Commissioners plan to make decision on turbines Monday

The second public hearing on the proposed turbine project will be held at 6:30 p.m. On Monday, Sept. 9 at the Adams County Courtroom.Posted September 6, 2013



Record Editor


The second public hearing on the proposed turbine project will be held at 6:30 p.m. On Monday, Sept. 9 at the Adams County Courtroom.

The county zoning and planning commission will hear from Thunder Spirit Wind, a company proposing to place up to 75 wind turbines in Duck Creek Township and a portion of Holt Township, and take input from the public.

“We plan to meet after the meeting and make a decision,” said Adams County Commission Chair Chuck Christianson. “We have had the information for four months, we were all present during the first public meeting and will all be at the meeting Monday.”

Christianson said the other option the commission has is to hold a special meeting in the future, and since they will all be present for the meeting, it makes sense to “make the decision to move forward or not,” so everyone involved can plan accordingly for the future.

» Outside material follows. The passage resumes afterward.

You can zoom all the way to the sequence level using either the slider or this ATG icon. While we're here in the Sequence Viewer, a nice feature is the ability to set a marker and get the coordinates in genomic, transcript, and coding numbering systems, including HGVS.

The zoning commission is a recommending board only, and can’t make the final decision as far as the county is concerned, as to whether or not a project can continue. It will make its recommendation to the commissioners, who will then make the determination if they think the project is viable.

There were several concerns brought forth at the first meeting from landowners, including noise, flicker, and the possibility of long-term physical problems that may be caused by having the towers placed too near their homes.

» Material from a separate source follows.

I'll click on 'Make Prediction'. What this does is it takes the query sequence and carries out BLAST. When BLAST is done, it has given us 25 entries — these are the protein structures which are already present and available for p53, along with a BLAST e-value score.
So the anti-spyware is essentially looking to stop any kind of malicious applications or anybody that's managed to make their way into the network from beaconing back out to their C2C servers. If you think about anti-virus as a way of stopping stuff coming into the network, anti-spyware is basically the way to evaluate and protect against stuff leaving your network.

Dan Albano of Thunder Spirit Wind explained at the first meeting Hettinger is a good location as far as wind consistency, in addition to meeting the harder qualification of being able to transmit the electricity out of the area.

“Producing the electricity is not the problem, but the transmission of the power is – if there is enough capacity available on existing transmission lines and the cost to upgrade the existing or build new lines is not too prohibitive,” he said. “One of the greatest attributes is close to transmission lines and substations. We can do a 150 mega-watt project for just over $1 million. It’s not unusual for $20 million for same project. We have great wind and a solid and enthusiastic group of landowners. We think it’s a great place to build for those reasons.”

The company has done extensive research in the area since 2006, he said, spending the time speaking with landowners and studying wind patterns.

The project is expected to have a life span of 24 years, bringing $650,000 annually to the county’s tax base, and $800,000 to the landowners in lease payments. Albano said after the initial building project is completed, there would be about a half dozen full time jobs.

The Public Service Commission (PSC) has to also approve the project, and will be in Hettinger Sept. 19 to take public comment.

Thunder spirit also has to sell the electricity the turbines will create.